Page MenuHomePhabricator

integraality does not handle "Unknown value" groupings well
Closed, ResolvedPublic

Description

See example at https://www.wikidata.org/wiki/Wikidata:WikiProject_PCC_Wikidata_Pilot/Northwestern_University_Libraries/Alumni_property_dashboard : a non-sense value T2202693931 is used as grouping for "unknown value" grouping.

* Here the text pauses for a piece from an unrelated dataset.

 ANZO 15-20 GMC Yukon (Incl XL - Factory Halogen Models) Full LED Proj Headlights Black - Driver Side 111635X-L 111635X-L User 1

This also results in a straight crash when grouping_link is set − see eg https://www.wikidata.org/wiki/Wikidata:WikiProject_Video_games/Statistics/Country_of_origin

The groupings query is https://w.wiki/wVm and returns items such as https://www.wikidata.org/wiki/Q61976205 which have P495=Unknown value

Triggering an update results with

<class 'pywikibot.exceptions.InvalidTitle'> 'T2157987814' is not a valid item page title
web_1    |     self.process_page(page)
web_1    |   File "/code/integraality/pages_processor.py", line 116, in process_page
web_1    |     output = stats.retrieve_and_process_data()
web_1    |   File "/code/integraality/property_statistics.py", line 614, in retrieve_and_process_data
web_1    |     text += self.make_stats_for_one_grouping(grouping, item_count, higher_grouping)
web_1    |   File "/code/integraality/property_statistics.py", line 543, in make_stats_for_one_grouping
web_1    |     group_item = pywikibot.ItemPage(self.repo, grouping)
web_1    |   File "/usr/local/lib/python3.7/site-packages/pywikibot/page/__init__.py", line 4694, in __init__
web_1    |     super(ItemPage, self).__init__(site, title, ns=ns)
web_1    |   File "/usr/local/lib/python3.7/site-packages/pywikibot/page/__init__.py", line 4392, in __init__
web_1    |     self._link.title)
web_1    |   File "/usr/local/lib/python3.7/site-packages/pywikibot/page/__init__.py", line 4095, in __init__
web_1    |     % (self.id, self.entity_type))
web_1    | pywikibot.exceptions.InvalidTitle: 'T2157920837' is not a valid item page title

Event Timeline

JeanFred renamed this task from Error when updating Wikidata:WikiProject Video games/Statistics/Country of origin to integraality does not handle "Unknown value" groupings.Jan 29 2021, 9:44 AM
JeanFred triaged this task as Medium priority.
JeanFred updated the task description. (Show Details)
JeanFred renamed this task from integraality does not handle "Unknown value" groupings to integraality does not handle "Unknown value" groupings well.Mar 4 2021, 10:44 PM
JeanFred updated the task description. (Show Details)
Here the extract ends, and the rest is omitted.